Nach einem Treffen mit Stalin in Moskau, sprach Churchill im britischen Kabinett im August 1942 von einem "großen Mann", der mit "großer Weitsicht" seine Entscheidungen treffe. Nach dem Krieg freilich änderte Churchill seine Meinung bekanntlich. "Wir haben das falsche Schwein geschlachtet", lautet eines der bekanntesten Churchill-Zitate in Bezug auf Hitler und Stalin.

Dagegen schätzte er General de Gaulle, der nach der Eroberung Frankreichs durch die deutsche Wehrmacht in Großbritannien Zuflucht gesucht hatte, als eigenwillig ein. Churchill empfahl, de Gaulle notfalls mit Gewalt daran zu hindern, an Bord eines französischen Kriegsschiffes auszulaufen. Der britische Premier wollte verhindern, dass de Gaulle die Beziehungen zu den USA belastete.

Noch 1945 vertrat Churchill die Ansicht, es gebe "keine Aussichten auf vertrauensvolle Beziehungen zu Frankreich", solange "wir de Gaulle nicht los sind". Der französische Präsident legte später sein Veto gegen die Aufnahme Großbritanniens in die Europäische Wirtschaftsgemeinschaft ein.

"Gandhi soll tun, was er will"

Die Dokumente werfen auch neues Licht auf die Einstellung Churchills zum indischen Freiheitskämpfer Mahatma Gandhi. Dieser war nach seiner Inhaftierung im August 1942 in den Hungerstreik getreten. Die britische Regierung beschloss schließlich, ihm aus humanitären Gründen die Freiheit zu schenken. Churchill soll jedoch argumentiert haben, er persönlich würde Gandhi sterben lassen, sollte er weiterhin die Nahrung verweigern.
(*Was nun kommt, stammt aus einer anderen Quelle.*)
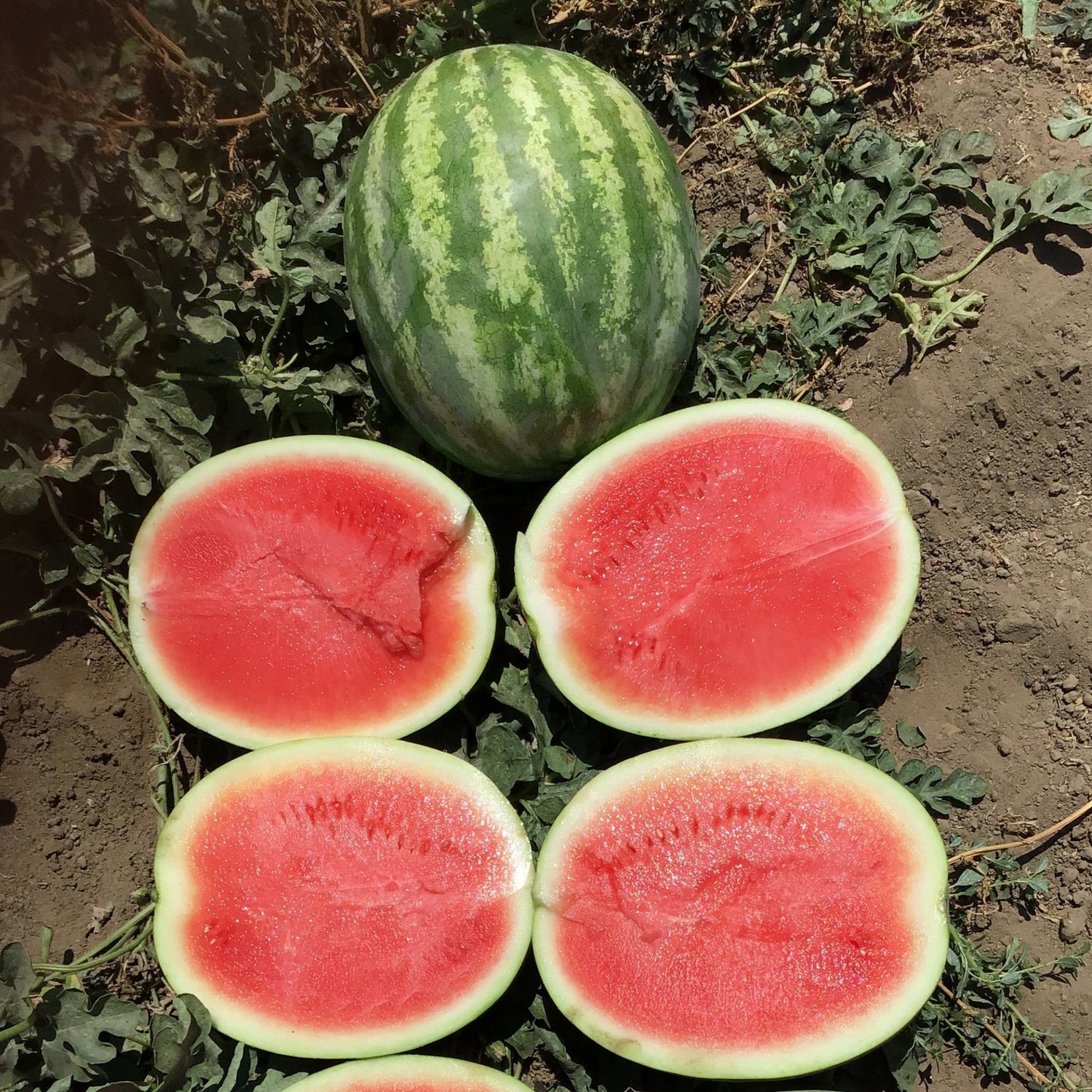 Hybrid Triploid (Seedless) Crimson Sweet Rind Watermelon - 7187HQ SuperSeedless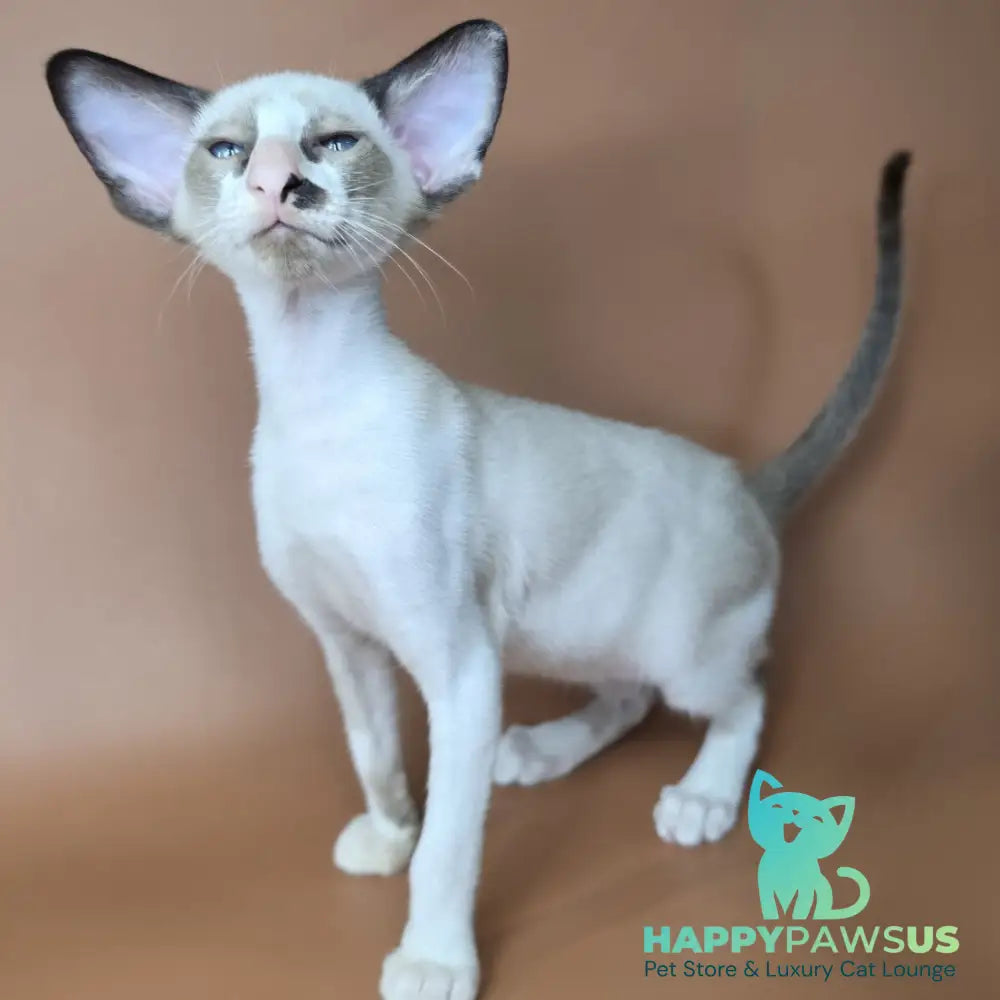 Ivory Siamese female black bicolour - live animals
Gandhi solle in Haft bleiben und "tun, was er will", sagte Churchill nach den Archivaufzeichnungen bei einer Sitzung des britischen Kabinetts im Januar 1943. Churchill sagte, mit Gandhi solle nicht anders verfahren werden als mit jedem anderen Häftling. Dagegen vertrat der damalige britische Botschafter in den USA, Edward Halifax, der zuvor Außenminister und Vize-König von Indien gewesen war, die Ansicht, nichts wäre schlimmer als der Tod des Unabhängigkeitskämpfers durch einen Hungerstreik.

Mehrere Minister erklärten, wenn Gandhi durch den Hungertod zum Märtyrer würde, werde das einen Massenaufstand der Inder zur Folge haben. Schließlich einigte sich das Kabinett in London darauf, Gandhi freizulassen, falls der Tod durch den Hungerstreik unausweichlich scheine, dies in der Öffentlichkeit jedoch als Erfolg der britischen Politik darzustellen. Gandhi wurde 1944 endgültig entlassen.